Other stories speak of amazing human accomplishments, as that of Richard Noris Williams II, the Titanic survivor who had opposed the doctors’ decision to amputate both his legs. After that, Richard became a world-class tennis champion.
Then there is the story of Berthe Antonine Mayné, who might never have planned on taken a trip on the lavish ship if it were not for the chance encounter with her future beloved. Born in Ixelles, Brussels, in 1887, Berthe Mayné worked as a cabaret singer. According to the Encyclopedia-Titanica, she was locally famed and had a liaison with a French soldier named Fernand de Villiers who had accompanied the foreign legion and left for the Belgian Congo.
A Belgian newspaper entitled “Het Laatste Nieuws” provided a little bit more about her profile, describing her as “being well known in Brussels in circles of pleasure and was often seen in the company of people who like to wine and dine and enjoy life.”

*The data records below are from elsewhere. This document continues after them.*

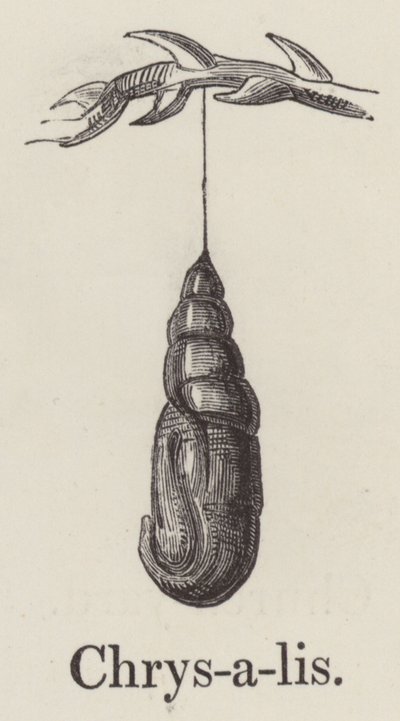 Chrysalis (gravure) door English School
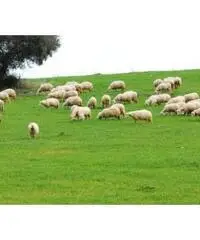 Allevamento, custode, campagna Allevamento, custode, campagna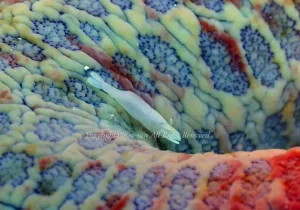 「ヒトデヤドリエビ」　れおさん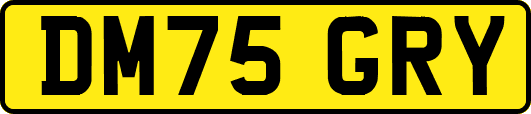 DM75GRY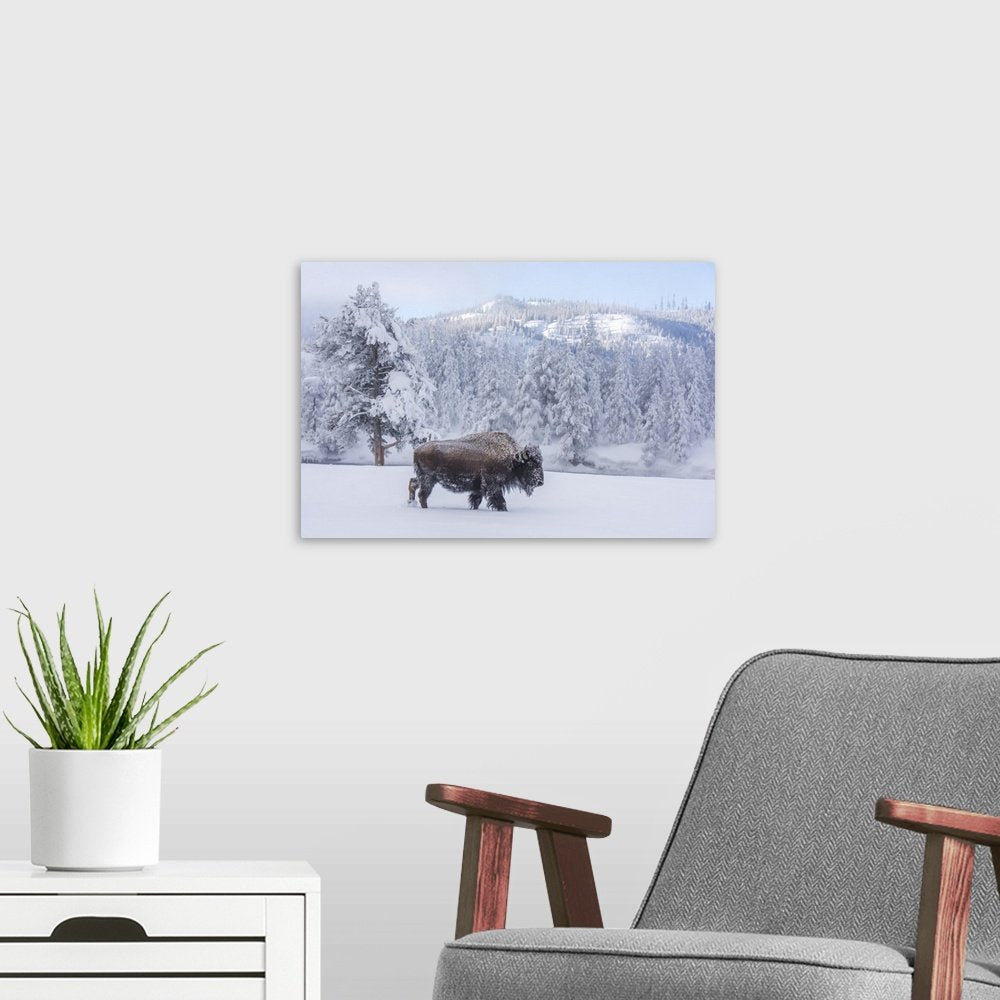 Frostbound Wanderer: A Majestic Wildlife Bison Wall Art for Winter Decor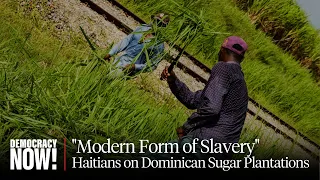 "Modern Form of Slavery": Haitians at Dominican Sugar Plantations Work Under Inhumane Conditions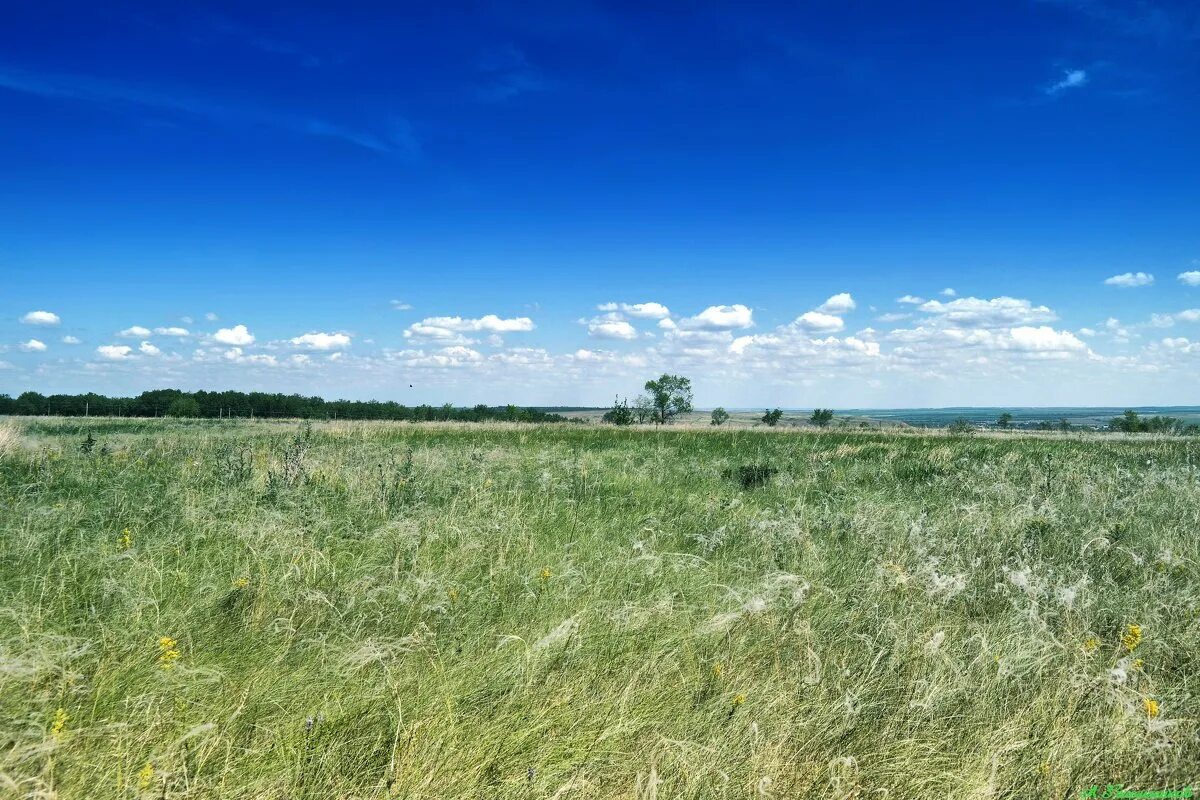 ах ты степь широкая. степь широкая авторы. ах ты степь широкая. степь широкая. ах ты степь широкая степь раздольная.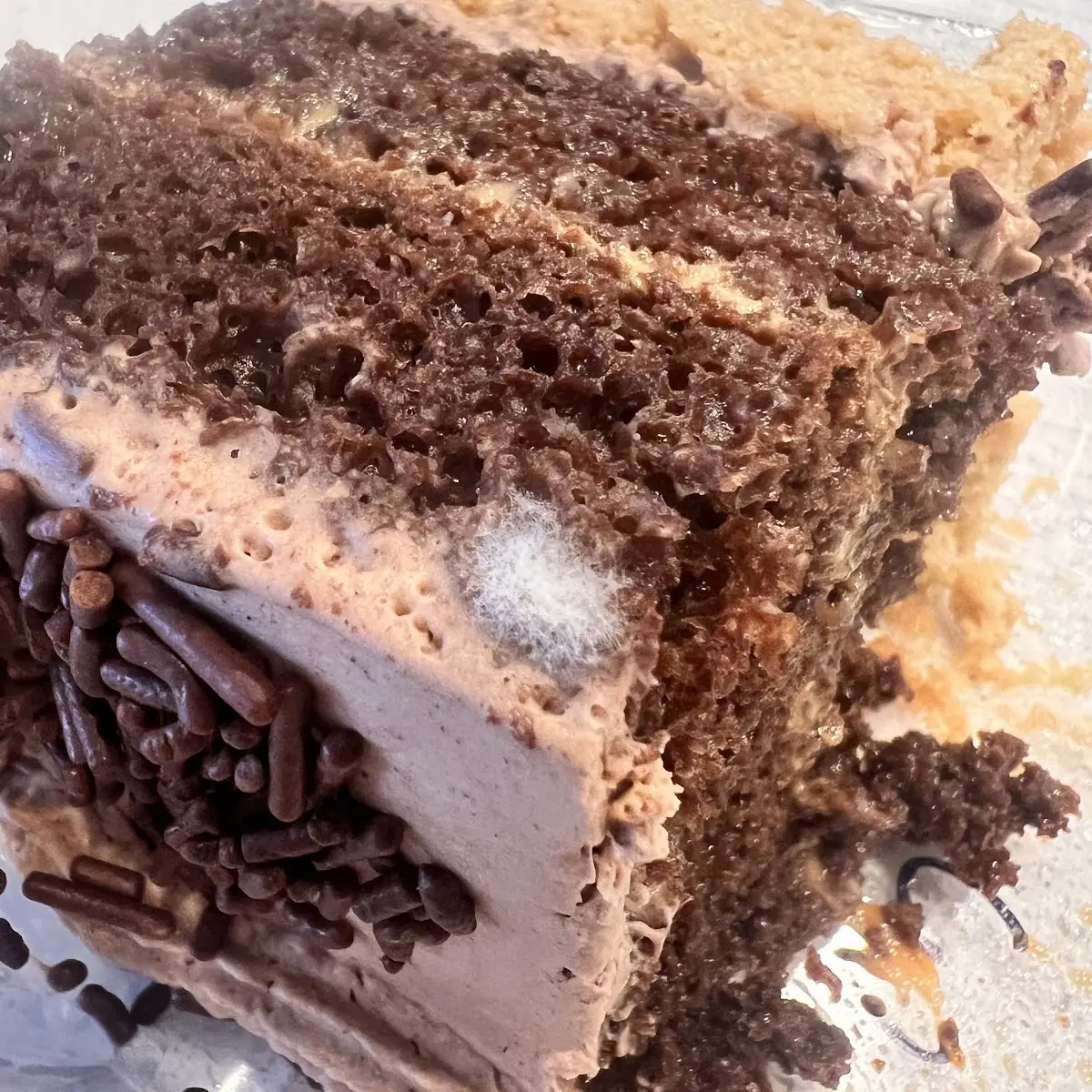 Chocolate Cake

She met a young Montreal hockey player, Quigg Edmond Baxter, in the winter of 1911. Baxter was Montreal-born, the same age as Mayné, and came from an affluent family. The two of them quickly became lovers.
Before meeting Mayné, Baxter had already made a name for himself as a fantastic hockey player and star footballer. Unfortunately, a blow to his eye from a stick during a game of hockey in 1907 terminated his career as a player. Losing his sight from that eye, he began to coach and is credited for conducting one of the first international hockey tournaments ever played in Paris.
The Canadian was on a trip to Europe with his mother and sister when he first encountered Mayné, who at that time was performing in a cafe in Brussels. The family’s return trip was set to be with the Titanic, with Baxter’s ticket booked from Cherbourg, a city in northwest France overlooking the English channel. He and his family were to be first-class passengers.
Baxter did not wish to return home without Mayné. He had been persistent enough to persuade Berthe to accompany him on the journey. Mayné must have been thrilled with her entirely new life, beginning with her first-class passenger status on the Titanic with her new love. She was registered under a pseudonym, “Mrs de Villiers,” and was accommodated in a first class stateroom, C-90.
As we already know, the enjoyment did not last for long. On the night of the sinking, Baxter was in his cabin, B-60, when his mother demanded to learn why the ship had abruptly stopped amid the ocean. He stepped outside to see what was going on and saw Captain Smith talking to Bruce Ismay, the man who is remembered as being the highest-ranking White Star official to survive the demise of the company’s brand new RMS Titanic.
The captain supposedly told him, “There’s been an accident Baxter, but it is all right.” Once Smith had rushed to the bridge, Ismay approached him, telling him to get his family into the lifeboats.
As well as his mother and sister, Baxter also took Berthe Mayné, who had put a long woolen overcoat over her night dress, to the lifeboats, telling her to board lifeboat Number 6. She was unwilling to get on the lifeboat without him. Allegedly, she also wanted to go back to her cabin to retrieve pieces of jewelry, but it was another famous Titanic passenger, Molly Brown, who managed to persuade her to get on the lifeboat.
Baxter waved them all goodbye, as lifeboat Number 6 was most likely the first boat to leave the port side of the Titanic. Sadly, he lost his life in the ship’s sinking and his body was never identified, or recovered at all.
After the sinking, Mayné stayed with the Baxter family for a couple of months in Montreal. After that, she returned to Europe and continued her career as a singer, this time in Paris, and for the rest of her life, she never married.
Mayné would retire to a house in a suburb of Brussels, and reportedly, in her old age, she told her nephew the story of her being on the Titanic with a young Canadian millionaire, but sadly he did not believe her. In fact, nobody believed her, for some unknown reason, not until after her death.
Berthe Antonine Mayné passed away in 1962, at 75 years of age. Her story of a lifetime was to be eventually confirmed after her personal belongings and evidence of letters and photographs, all stowed away in a shoebox, were found, telling all of what she had described before her death.